The solid-solution partitioning of Ni, Co, and Mn was improved (r 2 values 0.66–0.69) by adding SO4 to the models, with K d values decreasing as SO4 increases (more metal in pore water when SO4 is higher), which is consistent with the potentially higher precipitation influence on pore water measured in August and also by the fact that SO4 production is primarily causing the increase in H+, which mobilizes these metals into solution. In contrast, the solid-solution partitioning of Cu, Al, and Fe was best predicted by DOC (highest in spring) or measures of DOC quality (HIX, Sr) (more humified in spring). For Cu, K d values were lowest when DOC levels where highest and δ18O were lower (more negative), reflecting higher Cu levels in solution during the late spring when conditions are wet and DOC production is high. For Al and Fe, DOC concentration, spectral slope, and H+ (Al only) were significant predictors of solid-solution partitioning, with lower K d values (more Fe and Al in solution) occurring when DOC levels are highest and spectral slope values and pH (Al) are lowest. This implies that Fe and Al release to pore waters is strongly controlled by DOC but that pH also contributes to Al mobility but not Fe (Jansen et al. 2003).
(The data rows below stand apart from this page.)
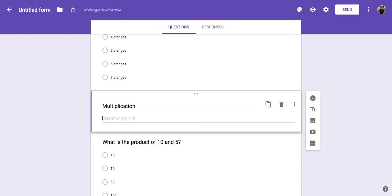Once you have that all complete, all you have to do is click off of it and it's set. I hope you enjoyed this short tutorial on how to add more titles and descriptions within a Google Form.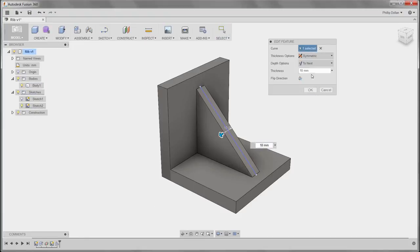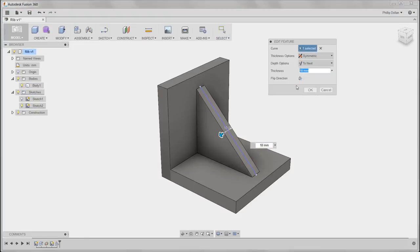I can double-click on that to edit it. For example, I can edit the thickness, changing it from 10mm to 8.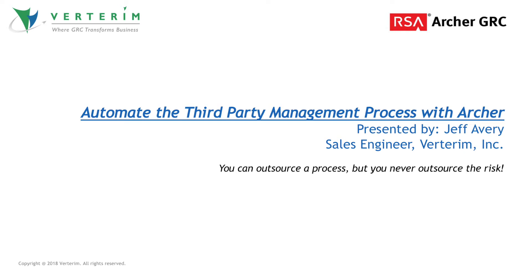As organizations increasingly leverage third parties, it's important to keep in mind you can outsource a process, but you never outsource the risk.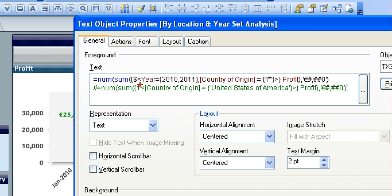We're choosing where the year is equal to 2010 and 2011, and the country of origin is not equal to Ireland. It's equal to any country beginning with I, using I and the star or the multiplication symbol.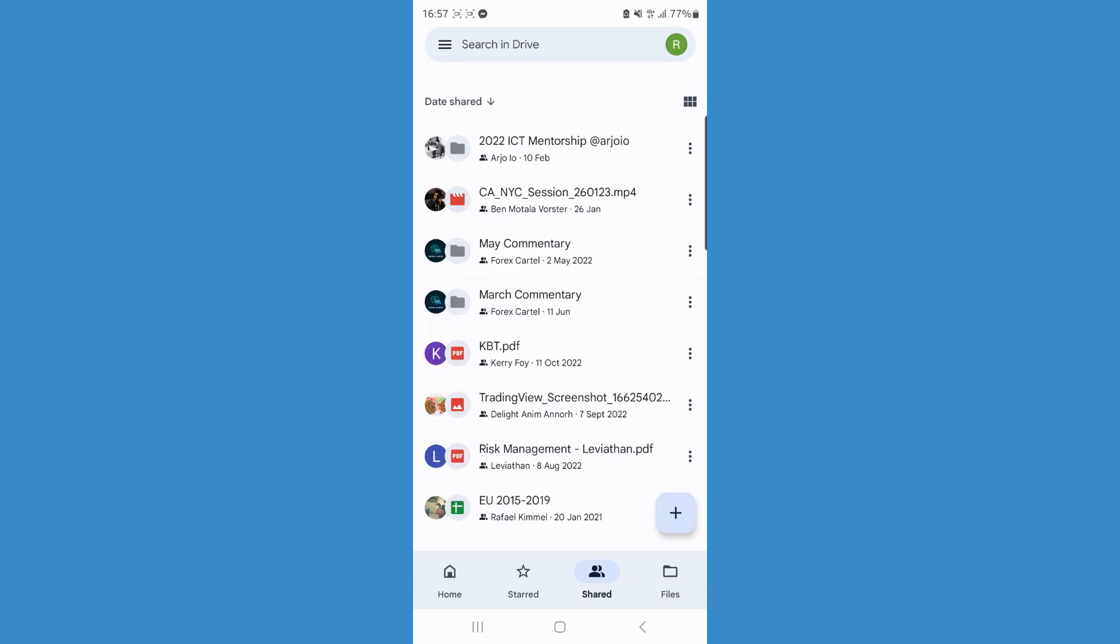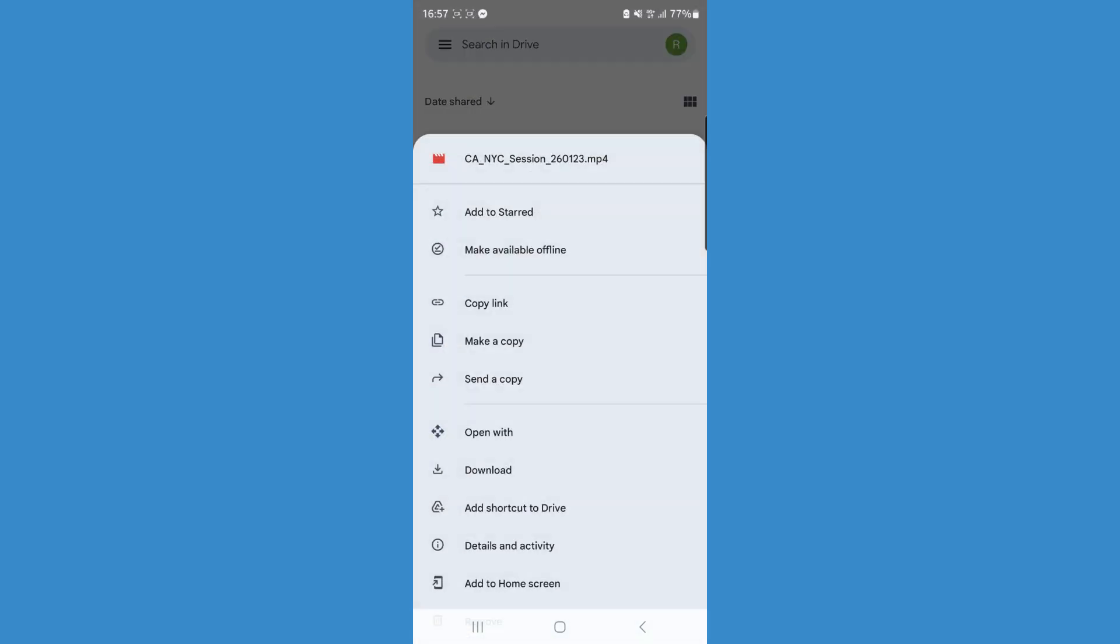So once we know the file that we want to download, you want to click on the three dots at the side of that specific file. Once you do that, as you can see, you will get this pop-up menu and one of the options right there will be to download.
Importantly, this work shows that metal release to pore waters with widely contrasting physical and chemical properties can be reasonably well predicted in peatlands that vary considerably in the degree of contamination and other physical and chemical properties from a few basic measures of soil and pore water chemistry.

11 Conclusion

Peatlands in the Sudbury area remain heavily impacted by smelting activities as is evidenced by high Cu and Ni concentrations in surface peat close to the main Copper Cliff smelter. However, the release of metals to pore water is determined primarily by differences in acidity and DOC concentrations in pore water in addition to atmospheric deposition and the metal concentration of peat. The concentrations of DOC and H+ are controlled by inherent spatial variability in C content and mineral content of the peat most likely caused by past erosional input into these small peatlands. Despite the large variability in pore water chemistry it is possible to predict the release to pore water (and to lakes) using a few basic parameters that include pH, δ18O, SO4 concentration, and measures of DOC quantity and quality as well as the metal concentration of the peat.